**Exercise description**
The copy must hold every line from the one with "2016 Chevrolet Silverado" through the end of the listing, word for word, and must hold no pictures.

#####

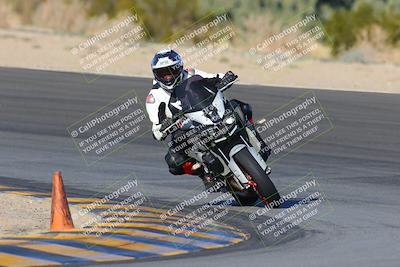 media/Dec-18-2022-SoCal Trackdays (Sun) [[8099a50955]]/Turn 10 (140pm)/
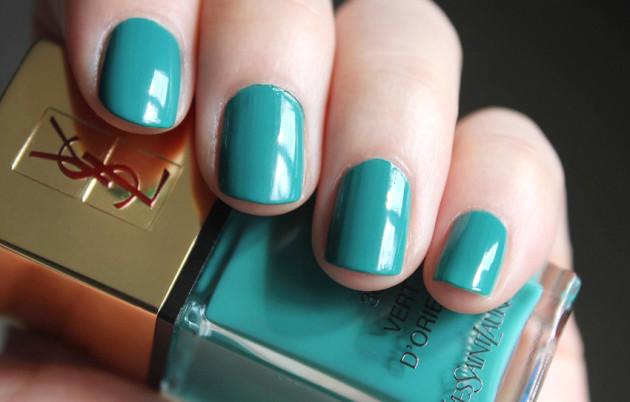 YSL Vert d'Orient La Laque Couture swatch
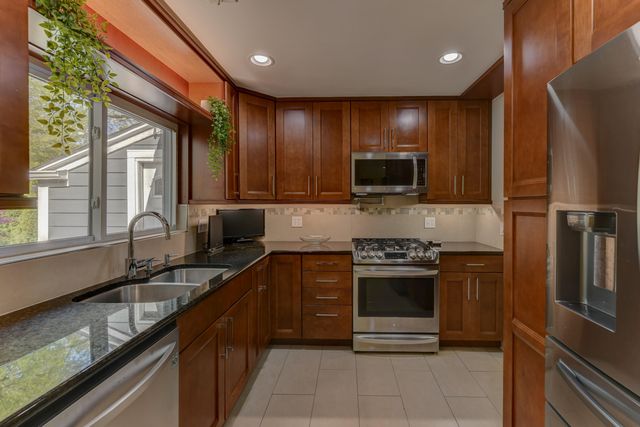 1335 35th Street, Munster, IN 46321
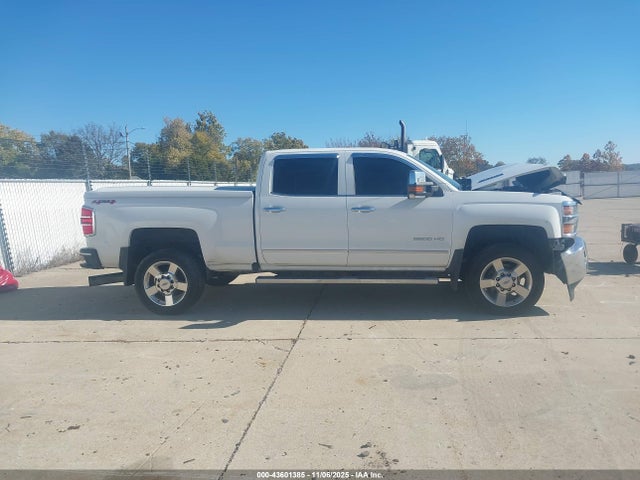 2016 Chevrolet Silverado 2500hd Ltz მანქანა იყიდება აუქციონზე, vin: 1GC1KWE86GF123969, აუქციონის ნომერი: 43601385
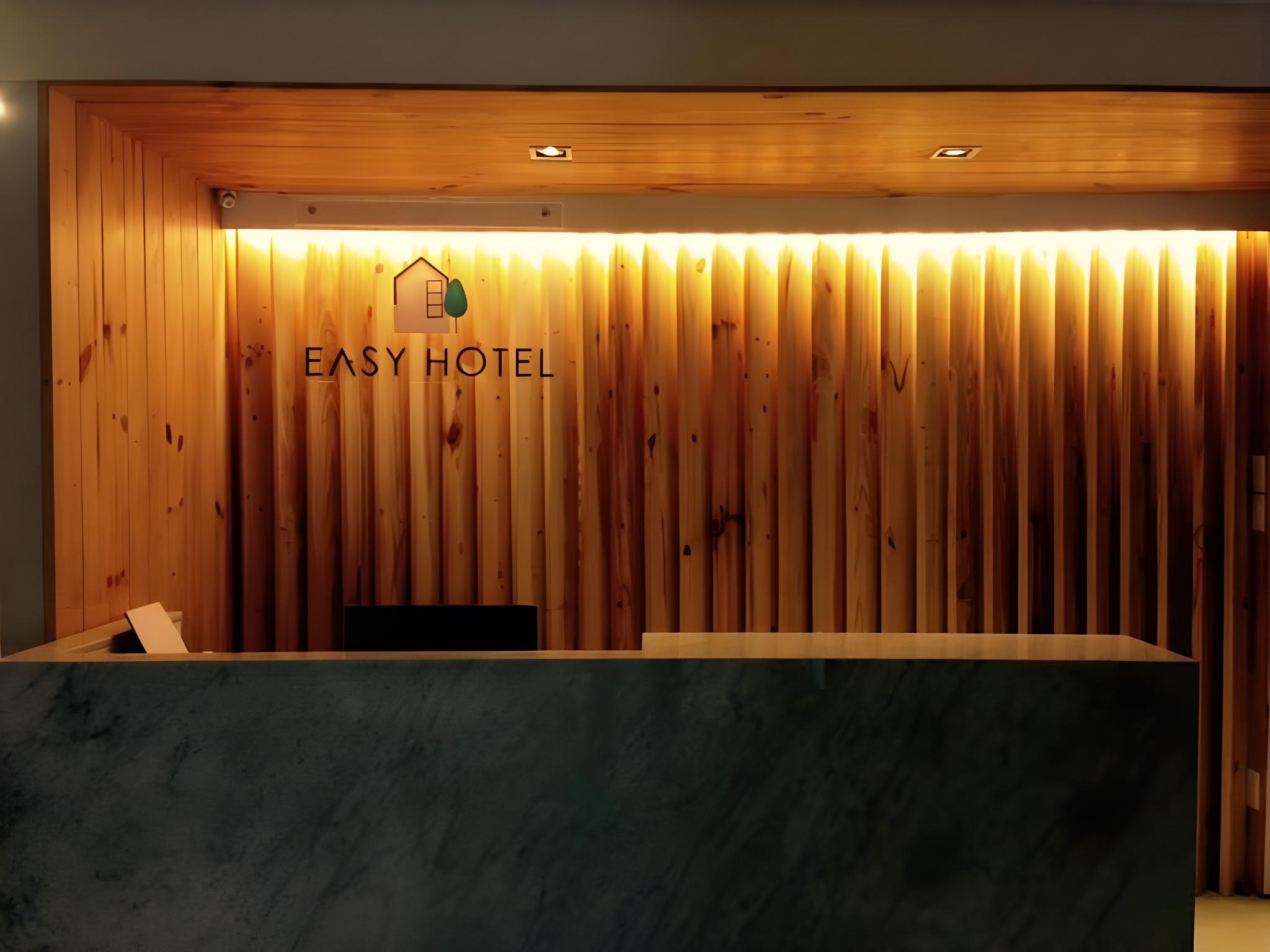 Easy Hotel 21/75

#####

**Finished exercise**
 2016 Chevrolet Silverado 2500hd Ltz მანქანა იყიდება აუქციონზე, vin: 1GC1KWE86GF123969, აუქციონის ნომერი: 43601385
 Easy Hotel 21/75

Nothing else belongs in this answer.